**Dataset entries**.
Start of Block
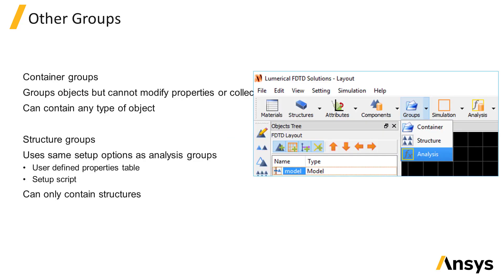Container groups and structure groups are also available. Container groups do not have the capability to set up properties of any objects or collect monitor results for analysis. And structure groups are used to set up properties of structures but they cannot contain monitors or sources or collect any results.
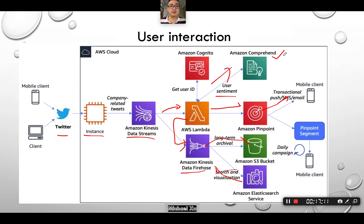That concludes the entire flow for a bank to deploy user interaction modules on the cloud, leveraging cloud-native functions and services like Amazon Comprehend and Amazon Pinpoint — really useful and cost-effective. Thank you very much.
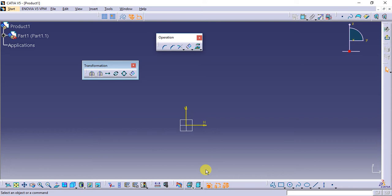Alright, in this video I'll take you through the last option under the transformation toolbar, which is the offset command.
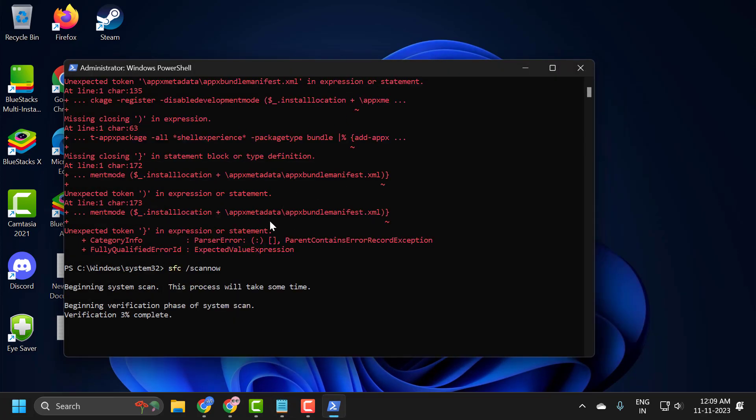After finishing the third command, you just need to go ahead and restart your PC. After restarting your PC, hopefully your issue has been resolved.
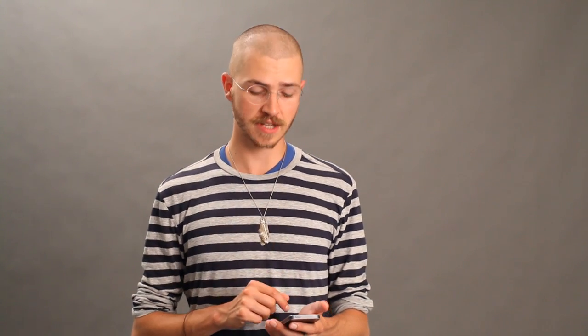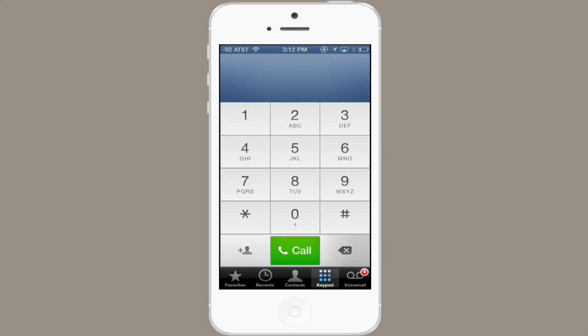If you want to revert to using visual voicemail on your iPhone after you've set this up, type in this code: pound pound 6 1 pound. Then tap call.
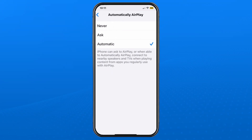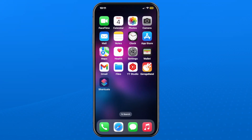Where it says 'Automatically AirPlay' at the top, tap on it and you'll see a number of different options. You can select 'Ask' so your device will ask you every time if you want to screen mirror, or you can select 'Never' so the only way to screen mirror will be if you manually allow it.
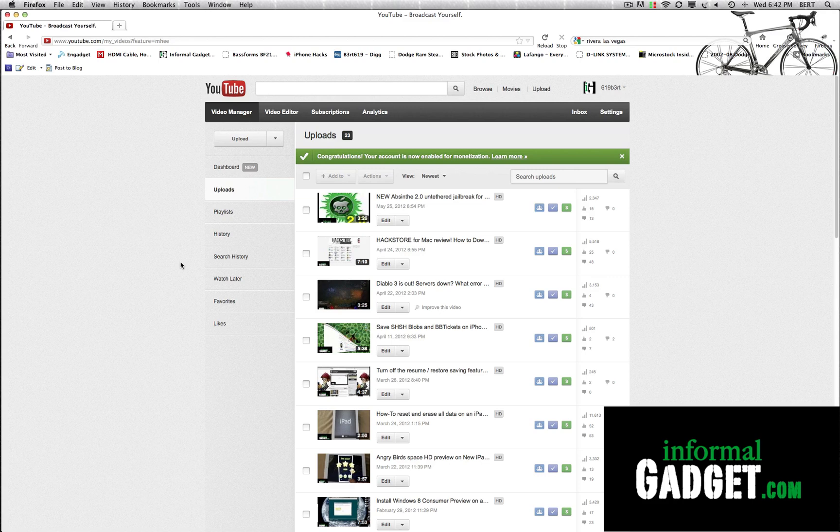Hello everyone, this is InformalGadget.com and today I'm going to share with you guys a neat little feature YouTube has released.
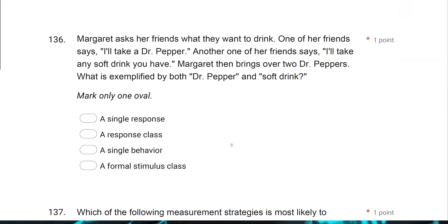Question 136: Margaret asks her friends what they want to drink. One of her friends says, 'I'll take a Dr. Pepper.' Another one of her friends says, 'I'll take any soft drink you have.' Margaret then brings over two Dr. Peppers. What is exemplified by both Dr. Pepper and soft drink? The question is asking about both of these together. Let's look at what happens — both responses evoke the same behavior; they have the same effect on the environment. Dr. Pepper and soft drink both get Dr. Pepper.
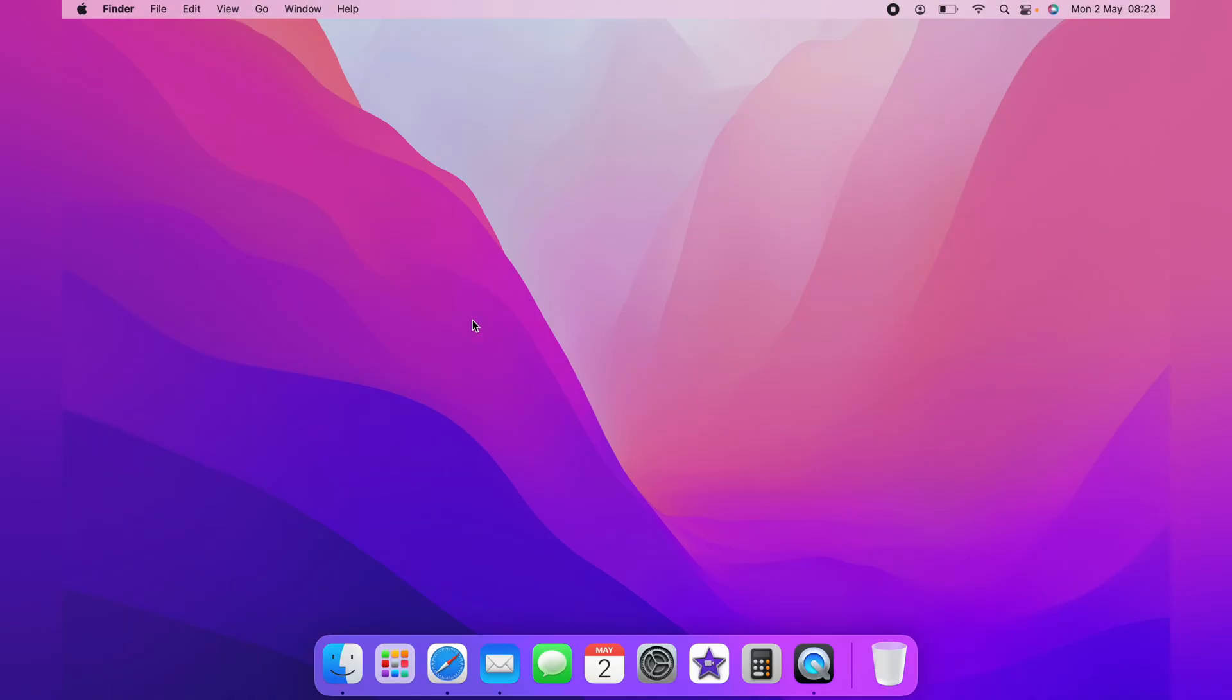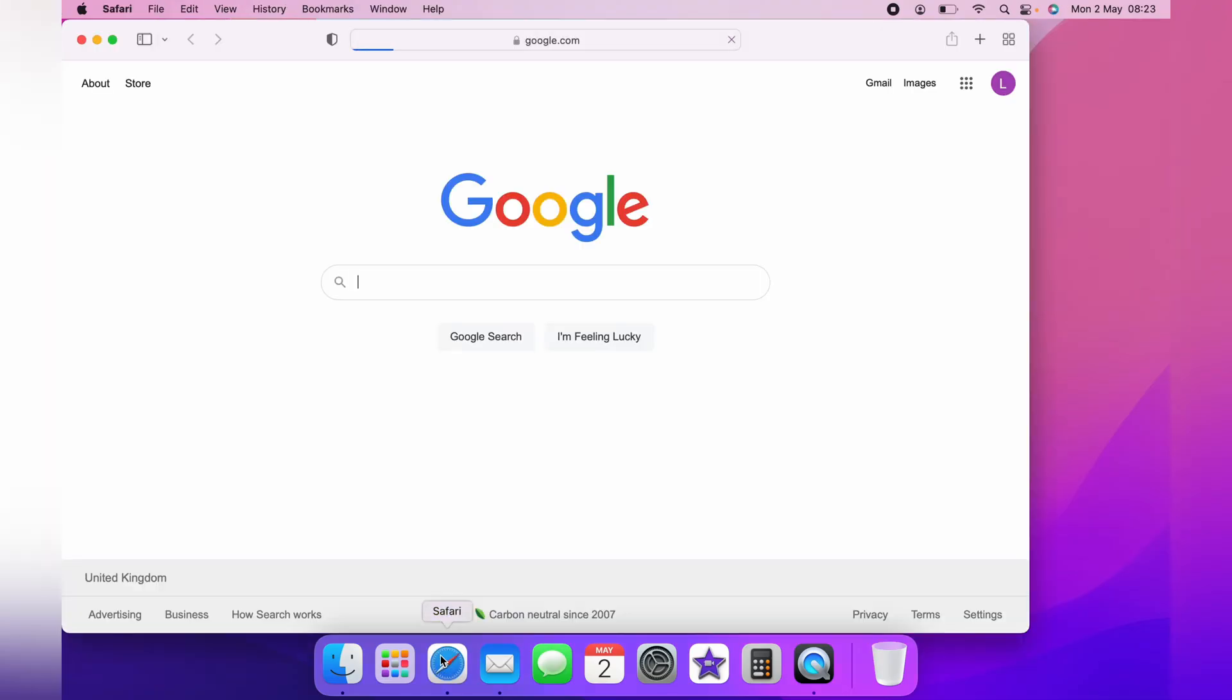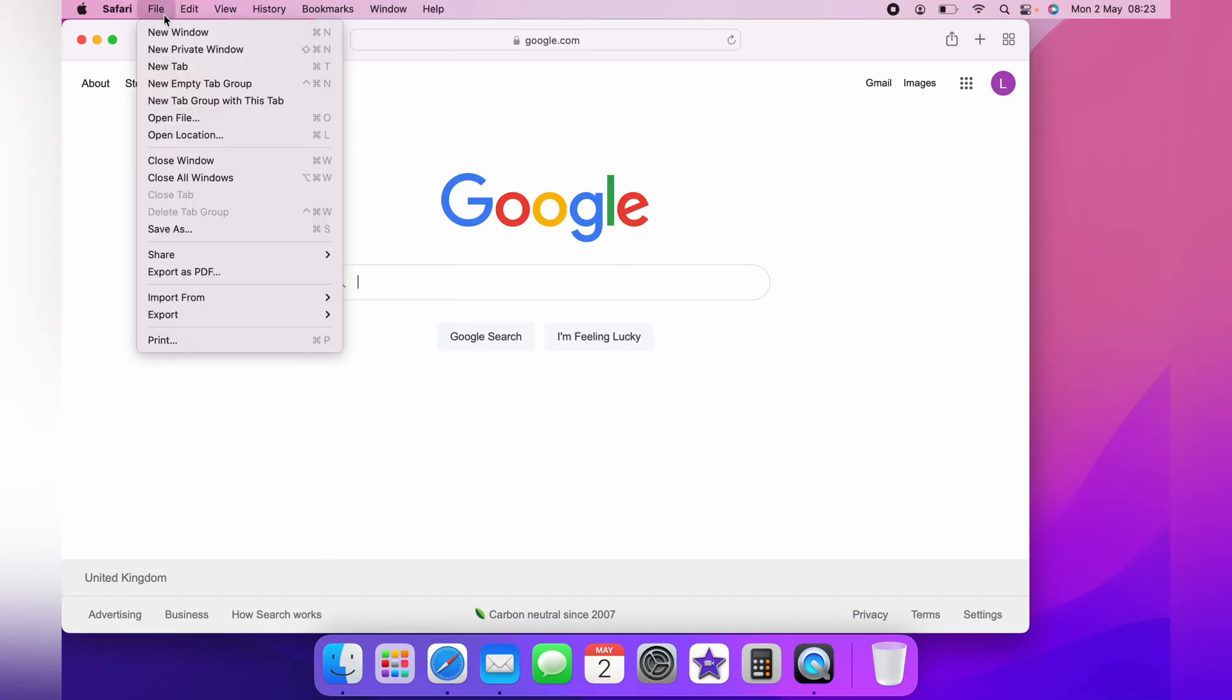The first thing you want to do is open your web browser of choice. Here we'll open Safari, and once you've opened your web browser, you want to come up to File and select New Private Window.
End of Block
**Exercise prompt**.
Looking above, find the stretch of lines that opens with the one holding "After finishing the" and closes with the one holding "If you want to revert". Copy it exactly, pictures excluded.

**Task output**.
After finishing the third command, you just need to go ahead and restart your PC. After restarting your PC, hopefully your issue has been resolved.
If you want to revert to using visual voicemail on your iPhone after you've set this up, type in this code: pound pound 6 1 pound. Then tap call.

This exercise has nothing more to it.